Para o coordenador do projeto Observando os Rios da Fundação SOS Mata Atlântica, Gustavo Veronesi, a situação de um rio é o espelho do comportamento da sociedade, e o processo de degradação de um corpo d’água, por lançamento de esgotos sem tratamento ou desmatamento das margens é rápido, mas, a recuperação pode demandar muitos anos. Divulgado em março, o último Retrato da Qualidade da Água nas Bacias Hidrográficas da Mata Atlântica, mostrou que a qualidade da água dos rios brasileiros é 73% regular. 

 

Índice parecido foi colhido pela Secretaria Executiva do Meio Ambiente, integrada à Secretaria do Desenvolvimento Sustentável (SDE) em parceria com a Agência Nacional de Águas.

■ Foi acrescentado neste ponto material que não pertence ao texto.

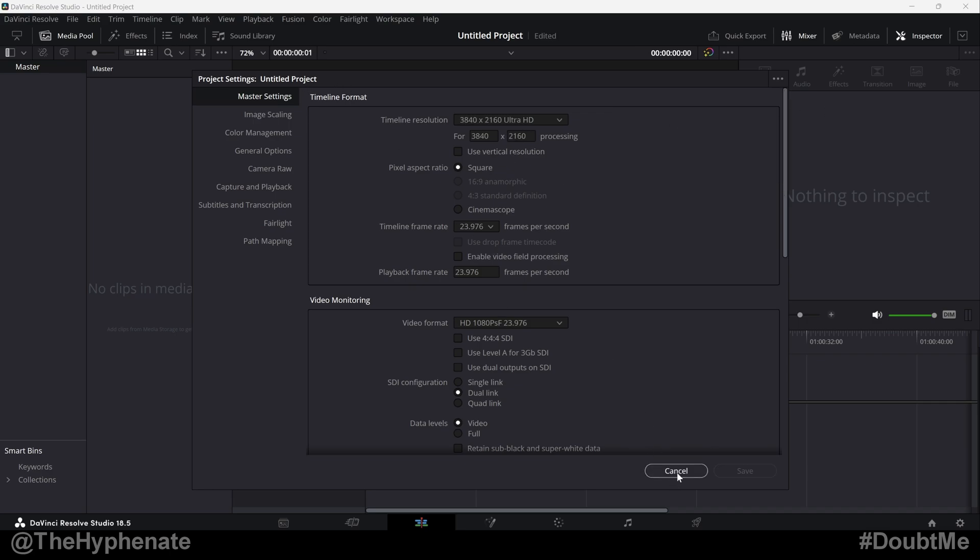And then to close this window, you have to click on cancel for some reason. I don't know why, but once it's loaded, it's already saved. So you press cancel to close this window.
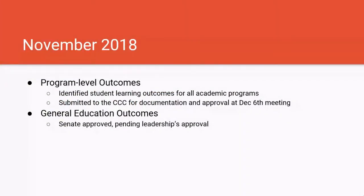Now I want to talk about where we are right now. From the work accomplished this semester, we have identified student learning outcomes for all academic programs — that was a huge lift this semester. That work has been submitted to the curriculum process to become part of the institution's documentation, and those outcomes will be going to the curriculum committee's December 6th meeting for approval. For the general education outcomes, Senate approved them yesterday, and those outcomes are pending leadership's approval.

O conjunto de dados analisados na campanha de março de 2021 demonstra que a qualidade da água em 67,5% dos pontos da vertente litorânea não atendeu a um ou mais padrões estabelecidos. É o caso do rio Itapocu, em pontos de coleta de Jaraguá do Sul e Guaramirim e, do rio Putanga, que serve de divisa entre Massaranduba e Guaramirim. Os maiores desacordos encontrados são dos parâmetros coliformes termotolerantes (presente em 60% dos pontos dos rios da vertente atlântica) e turbidez. 

 

De acordo com os técnicos, o estudo, que tem a missão de balizar ações para o cuidado dos rios, apresentou piora na qualidade da água, se comparado com as demais análises apresentadas em 2019 e 2020. A Bacia do Rio Itajaí apresentou o maior dado negativo referente à campanha 01/2021, com aumento significativo do percentual de coliformes. E quando se trata da qualidade global das águas, 70% dos pontos foram classificados na condição razoável. As coletas referentes à campanha de março de 2021 ocorreram entre os dias 1º e 10 de março. Dos 40 pontos analisados, oito pontos apresentaram a classificação “Ruim”, 29 pontos “Razoável” e três pontos a classificação “Boa”.